• [Material provided]:

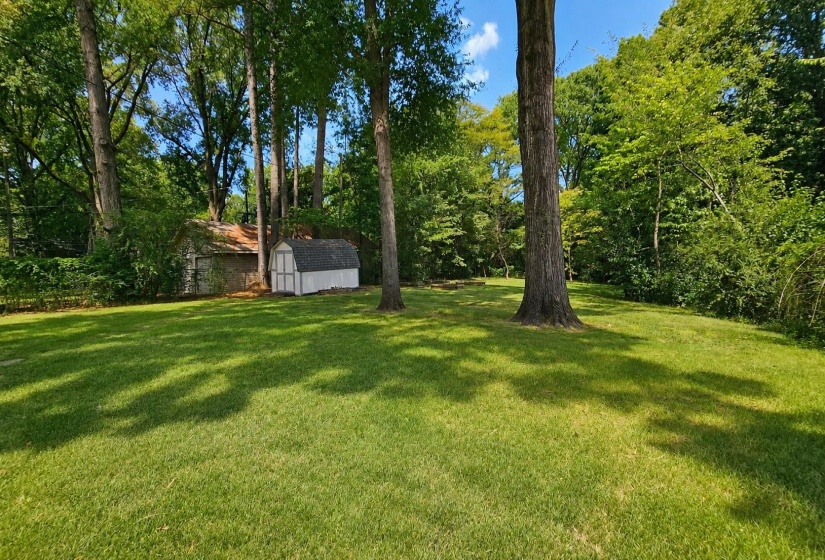 296 WHITE STATION RD, Memphis, Tennessee 38117, 3 Bedroom Bedrooms, 6 Room Rooms,2 BathroomBathrooms,Residential,For Sale,WHITE STATION,0,10228568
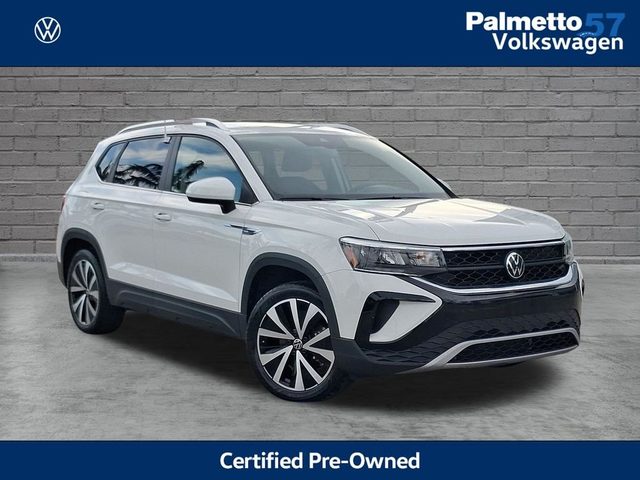 2023 Volkswagen Taos SE FWD photo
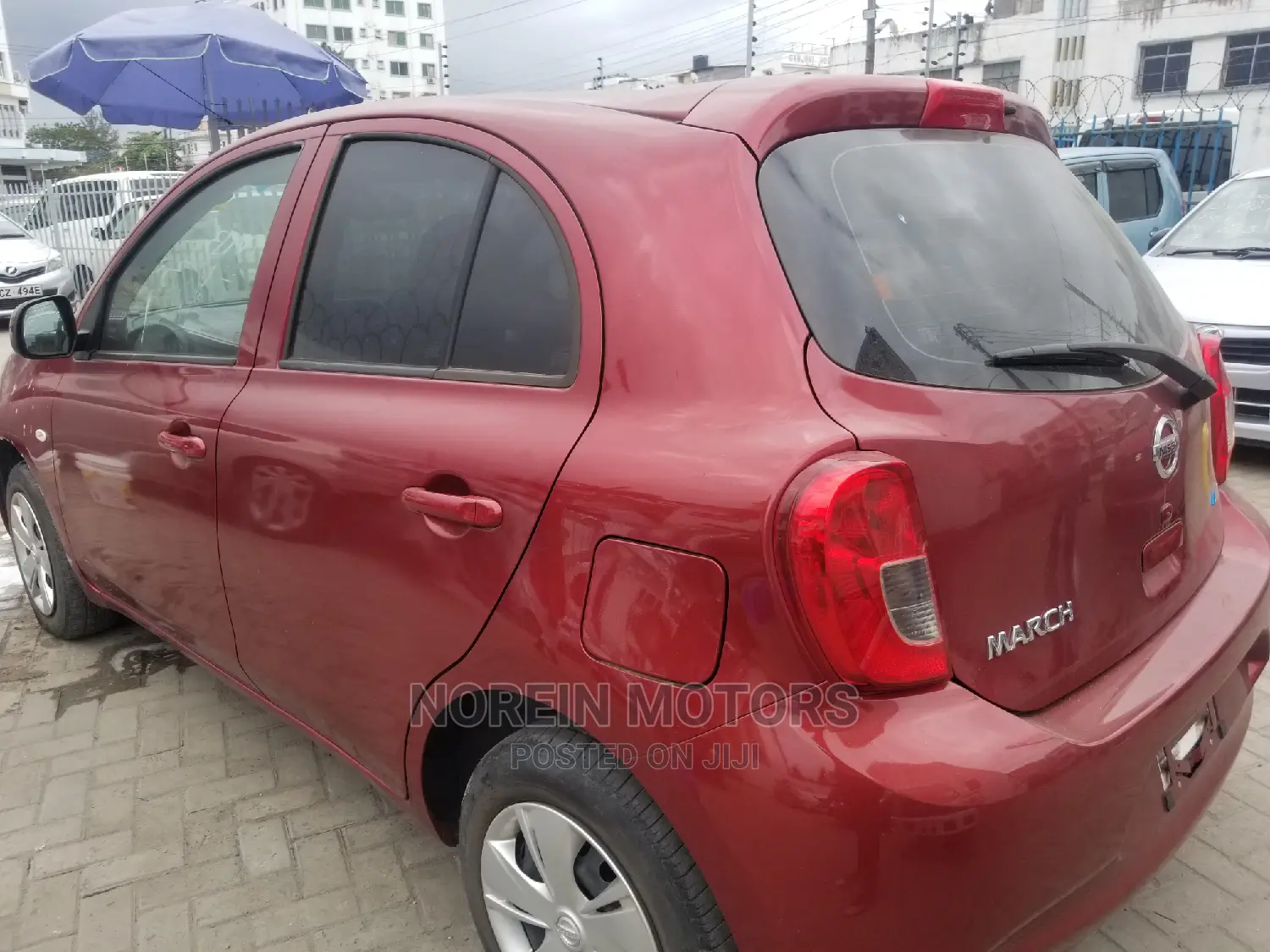 Nissan March 2015 Red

• [Task objective]: Would you retype each line above exactly and skip every image?

• [Result below]:
 296 WHITE STATION RD, Memphis, Tennessee 38117, 3 Bedroom Bedrooms, 6 Room Rooms,2 BathroomBathrooms,Residential,For Sale,WHITE STATION,0,10228568
 2023 Volkswagen Taos SE FWD photo
 Nissan March 2015 Red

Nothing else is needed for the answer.